I using PR2 5.0 database with the following run command. Any suggestion to improve the classification.

nextflow run nf-core/ampliseq -r 2.10.0 -profile singularity --max_cpus 16 --input_folder (Project) --FW_primer CGGTAAYTCCAGCTCYV --RV_primer CCGTCAATTHCTTYAART --cutadapt_min_overlap 3 --trunc_qmin 20 --trunclenf 230 --trunclenr 180 --min_len 50 --max_len 550 --vsearch_cluster --vsearch_cluster_id 0.97 --filter_ssu euk --dada_ref_taxonomy pr2=5.0.0 --max_memory 16.GB

d4straub commented 2 months ago

It is slightly worrisome that barrnap cannot classify so many ASVs.
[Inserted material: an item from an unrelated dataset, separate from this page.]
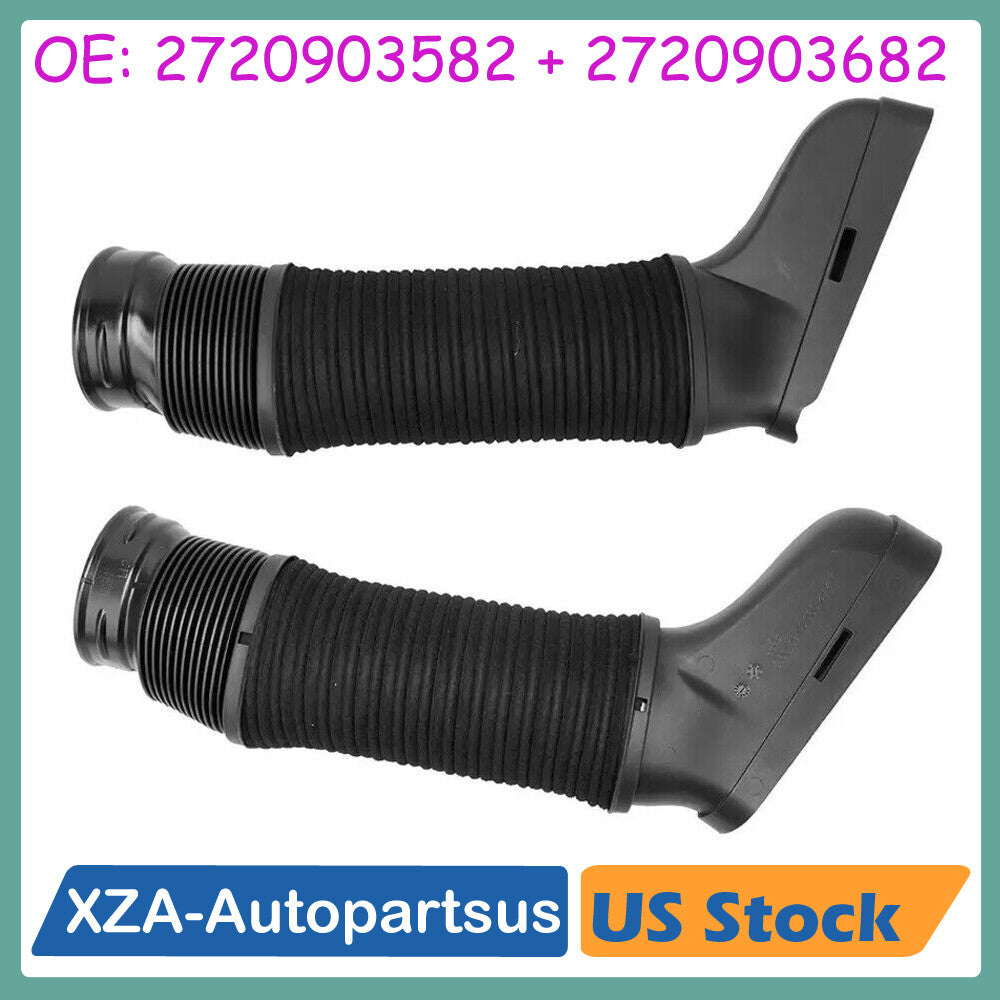 Pair Left Right L+R Air Intake Duct Hose Kit for Mercedes Benz C300 C350 New Q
And because you are using --filter_ssu euk, all of those are discarded before taxonomic classification with PR2. So I recommend to omit --filter_ssu euk and append -resume and check in the final taxonomic classification whether that might be better aligned to your expectation.

kesava31 commented 2 months ago

Thank you very much. I run the pipeline with by removing --filter_ssu euk. I hope it should work now.

d4straub commented 4 weeks ago

I'll close that now. Feel free to open another issue if needed.